Posted on July 26, 2016

A team from MIT and Israel have demonstrated a display that lets audiences watch 3-D films in a movie theater without extra eyewear.

Dubbed “Cinema 3D,” the prototype uses a special array of lenses and mirrors to enable viewers to watch a 3-D movie from any seat in a theater.

According to the researchers, this is the first technical approach that allows for glasses-free 3-D on a large scale.

While the researchers caution that the system isn’t currently market-ready, they are optimistic that future versions could push the technology to a place where theaters would be able to offer glasses-free alternatives for 3-D movies.

Glasses-free 3-D already exists, but not in a way that scales to movie theaters. Traditional methods for TV sets use a series of slits in front of the screen (a “parallax barrier”) that allows each eye to see a different set of pixels, creating a simulated sense of depth.

But because parallax barriers have to be at a consistent distance from the viewer, this approach isn’t practical for larger spaces like theaters that have viewers at different angles and distances.

Other methods, including one from the MIT Media Lab, involve developing completely new physical projectors that cover the entire angular range of the audience.
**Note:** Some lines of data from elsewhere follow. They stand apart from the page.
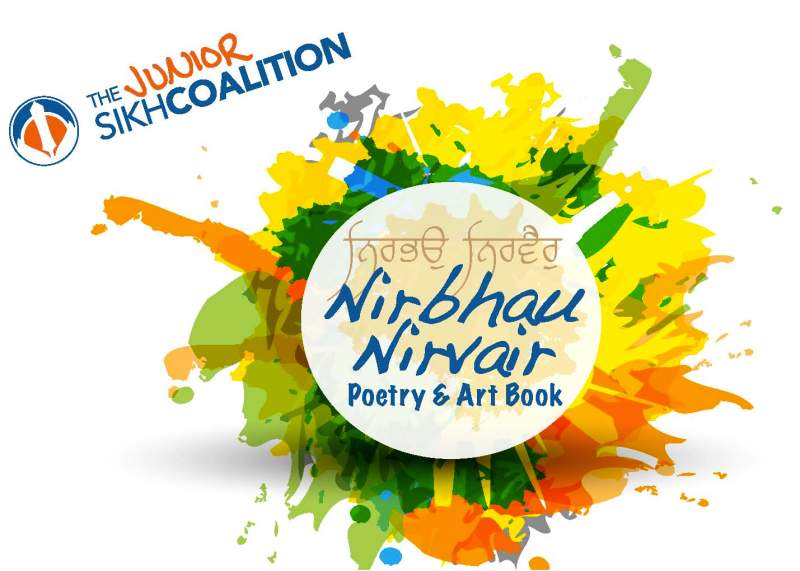 Junior Sikh Coalition Nirbhau Nirvair Poetry & Art Book.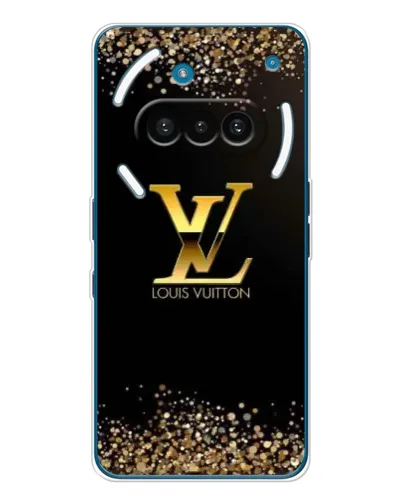 Чехол для Nothing Phone (3a) с картинкой «LV — золотые искры»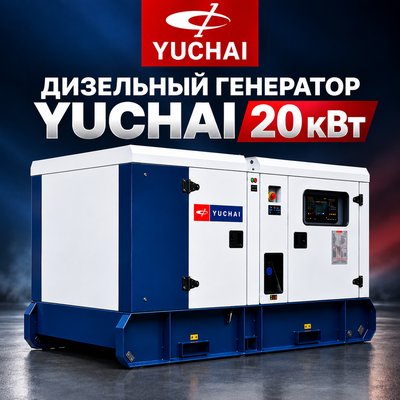 Дизельный генератор YUCHAI 20 кВт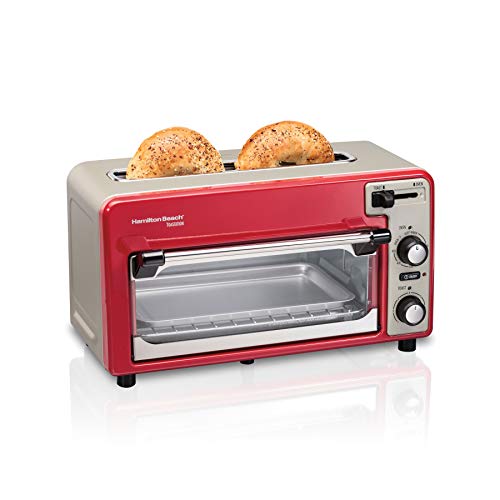 Hamilton Beach 2-in-1 Countertop Oven and 2-Slice Toaster with Extra Wide Slot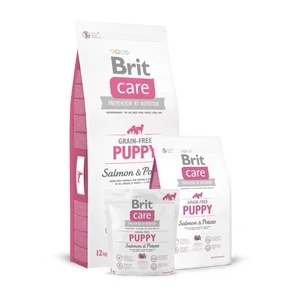Brit Care GrainFree Puppy Salmon gabonamentes kutyatáp - 3kg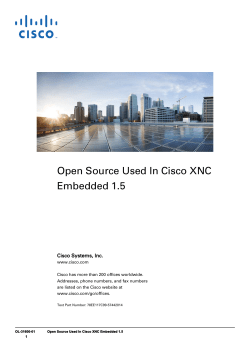 Open Source Used In Cisco XNC Embedded 1.5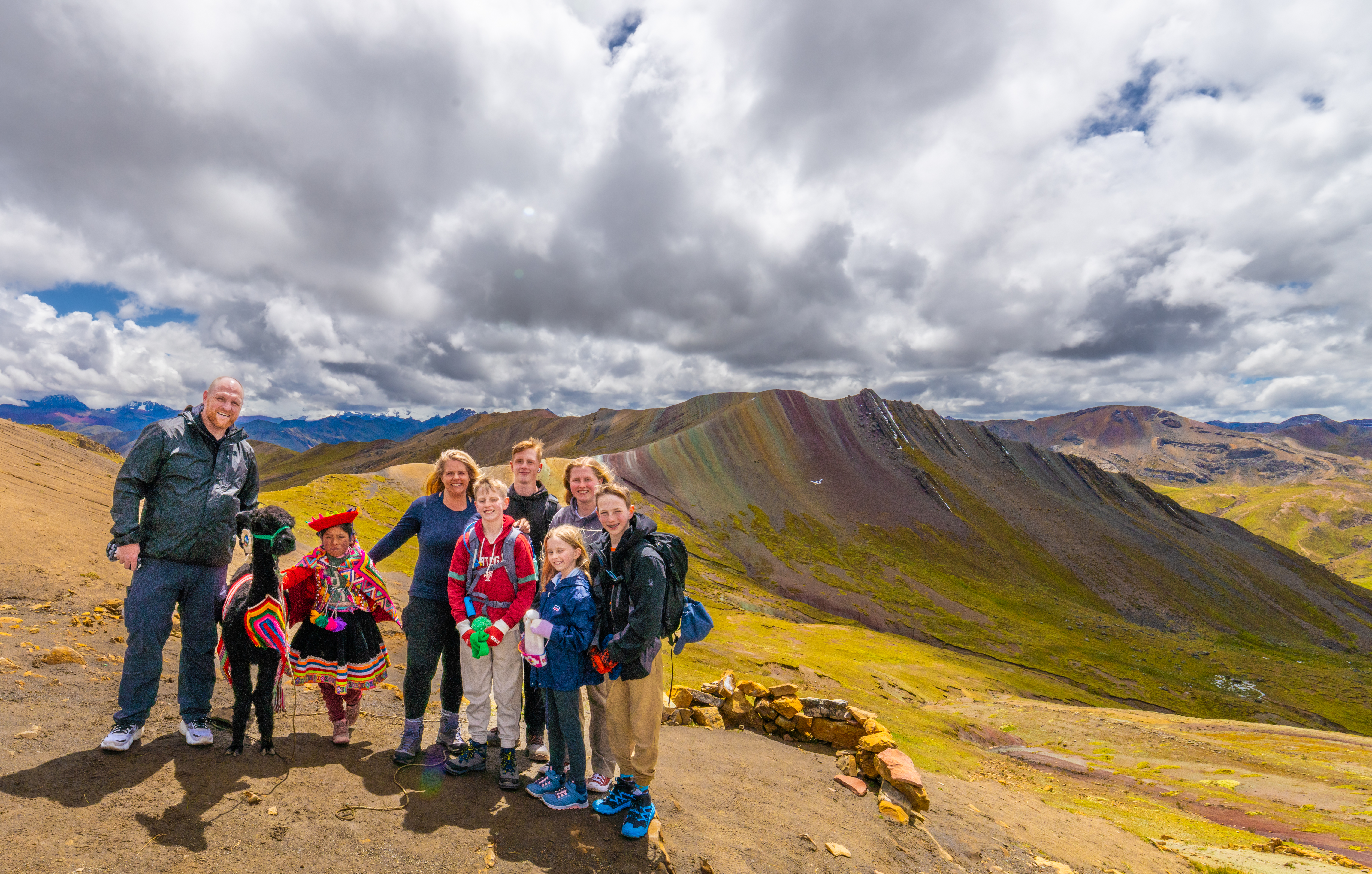 Rainbow Mountain with kids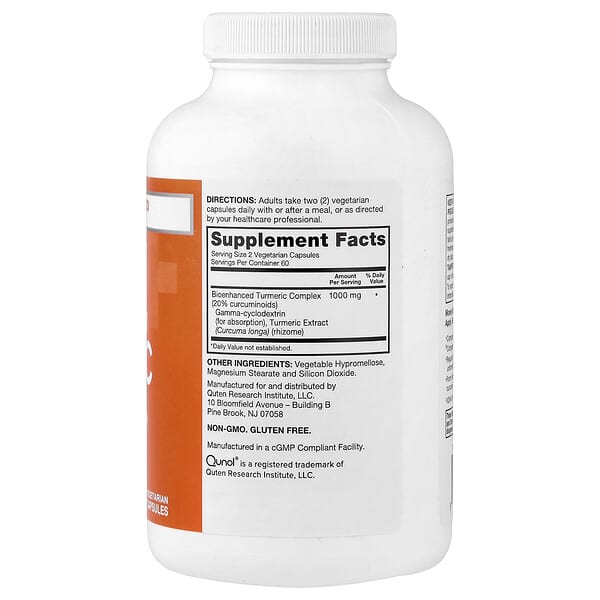 Alternative view of Qunol, Turmeric, Curcumin Complex, 120 Vegetarian Capsules (500 mg per Capsule)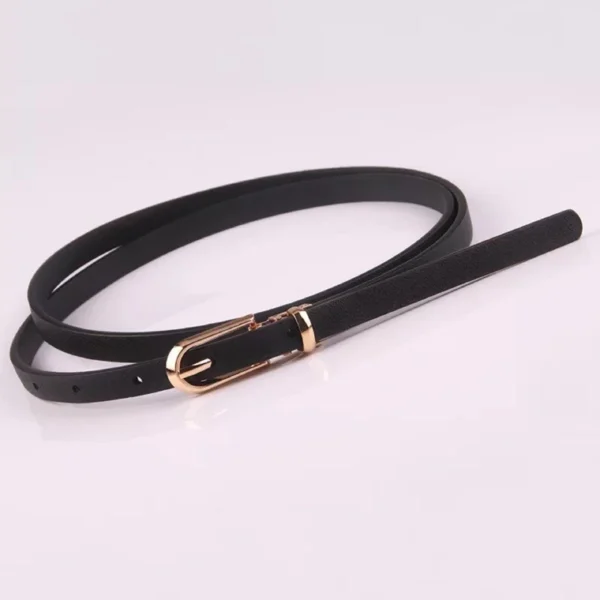 Korean Fashion Woman Leather Casual Waistband Belt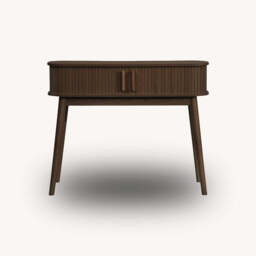 Tiffany Fluted Console Table, Walnut - thumbnail 5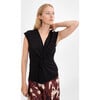 Women's Alyssa Top, Black - Blouses - 5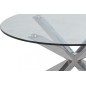 Table basse design en verre et métal, HOLIDA Table basse design en verre et métal, HOLIDA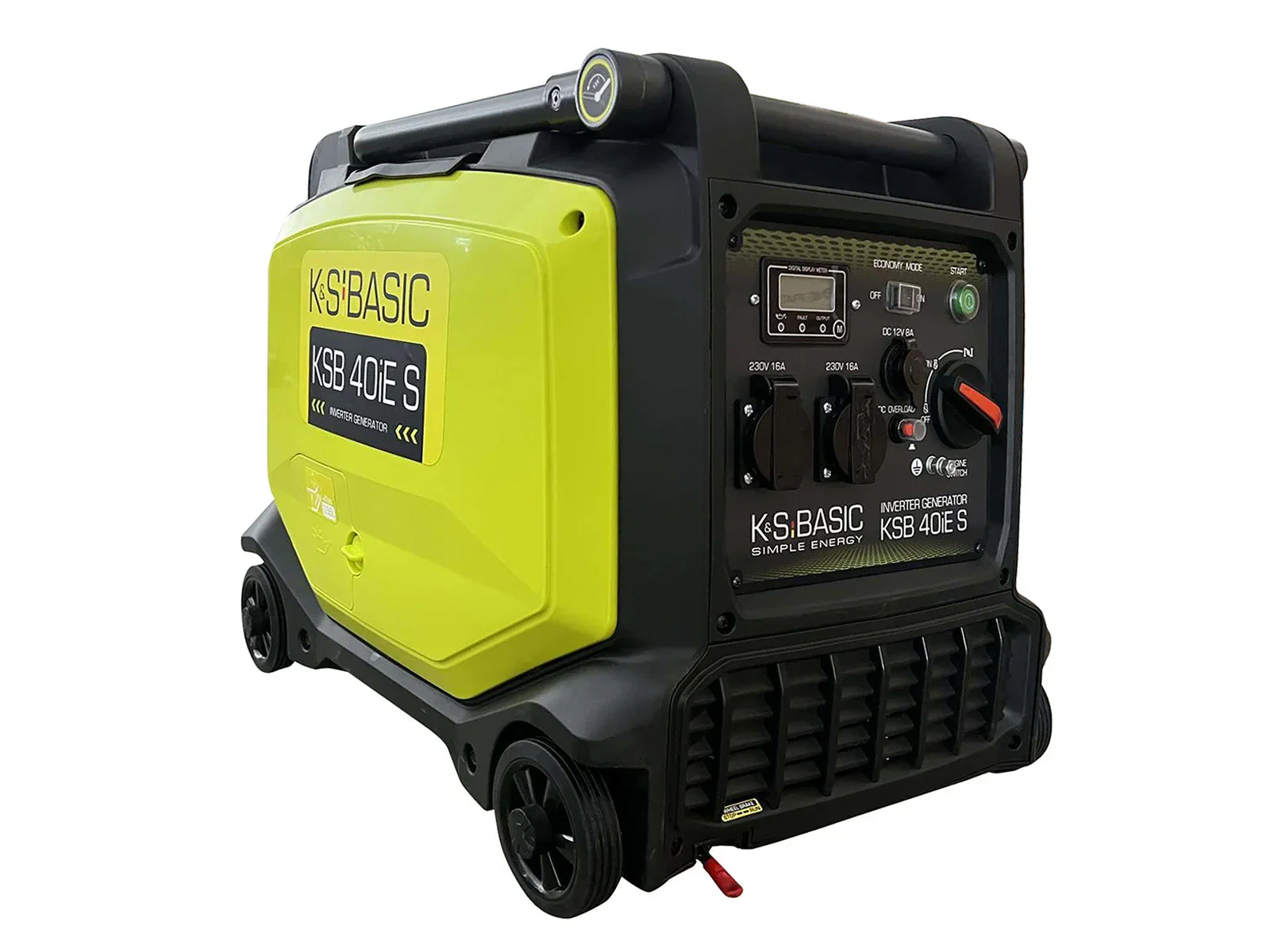 Generator digital monofazat Konner & Sohnen KSB 40i S, 3.8 kW, benzina, 8.5CP, silentios [2]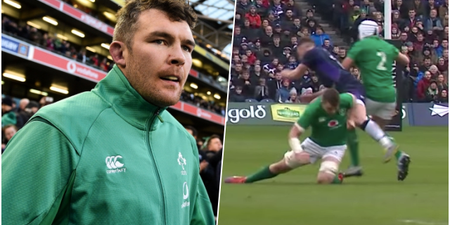Scots fume as Peter O’Mahony collision rules Stuart Hogg out of Six Nations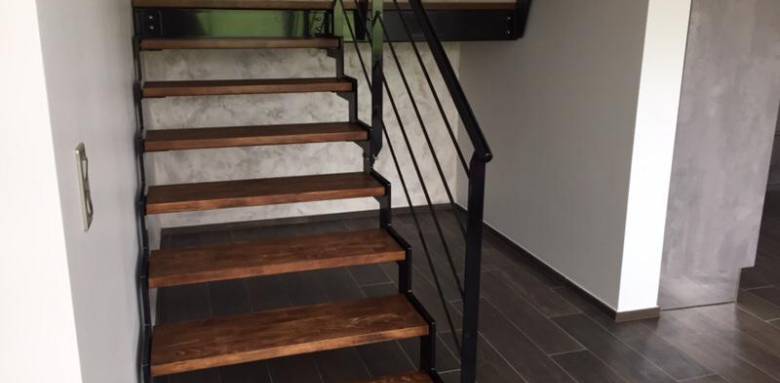 Escalier sur-mesure, rampe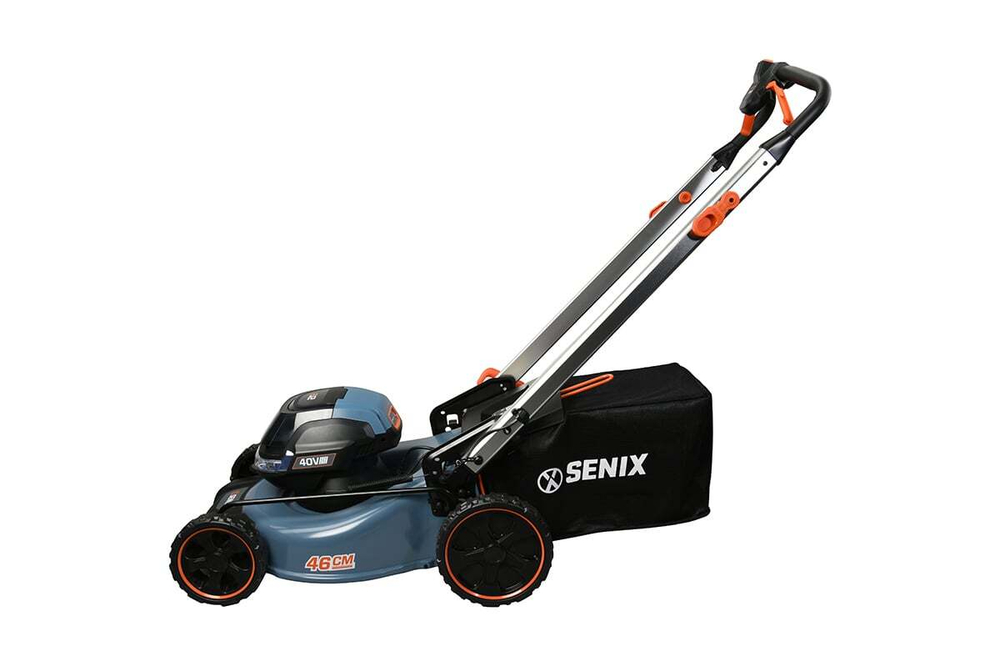 Газонокосилка аккумуляторная самоходная SENIX LSSX2-H-EU, 2X2 40V, 2акб, зу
However, this often comes at a cost of lower image-resolution.

The key insight with Cinema 3D is that people in movie theaters move their heads only over a very small range of angles, limited by the width of their seat. Thus, it is enough to display images to a narrow range of angles and replicate that to all seats in the theater.

What Cinema 3D does, then, is encode multiple parallax barriers in one display, such that each viewer sees a parallax barrier tailored to their position. That range of views is then replicated across the theater by a series of mirrors and lenses within Cinema 3D’s special optics system.

The team demonstrated that their approach allows viewers from different parts of an auditorium to see images of consistently high resolution.